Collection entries
■ ■ ■ ■ ■
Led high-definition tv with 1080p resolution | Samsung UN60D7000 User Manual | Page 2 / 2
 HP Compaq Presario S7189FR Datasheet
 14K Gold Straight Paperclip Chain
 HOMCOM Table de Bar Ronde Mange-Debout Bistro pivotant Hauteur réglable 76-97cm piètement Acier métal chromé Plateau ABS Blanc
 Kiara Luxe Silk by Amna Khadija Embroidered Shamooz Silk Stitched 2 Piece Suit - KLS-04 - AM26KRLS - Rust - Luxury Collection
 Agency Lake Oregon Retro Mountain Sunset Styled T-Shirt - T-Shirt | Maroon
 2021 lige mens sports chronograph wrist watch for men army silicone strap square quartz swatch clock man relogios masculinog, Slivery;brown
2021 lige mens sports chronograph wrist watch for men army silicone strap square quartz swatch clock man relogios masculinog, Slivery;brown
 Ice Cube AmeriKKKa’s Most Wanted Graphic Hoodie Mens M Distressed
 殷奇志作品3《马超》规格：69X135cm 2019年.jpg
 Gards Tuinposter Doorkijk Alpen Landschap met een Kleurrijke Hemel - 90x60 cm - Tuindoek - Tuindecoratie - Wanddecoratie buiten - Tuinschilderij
■ ■ ■ ■ ■
#### [EXERCISE]
Produce an exact copy of the lines from the one containing "殷奇志作品3《马超》规格：69X135cm 2019年.jpg" through the final line of the data, both ends included, and only those.

#### [RESPONSE]
 殷奇志作品3《马超》规格：69X135cm 2019年.jpg
 Gards Tuinposter Doorkijk Alpen Landschap met een Kleurrijke Hemel - 90x60 cm - Tuindoek - Tuindecoratie - Wanddecoratie buiten - Tuinschilderij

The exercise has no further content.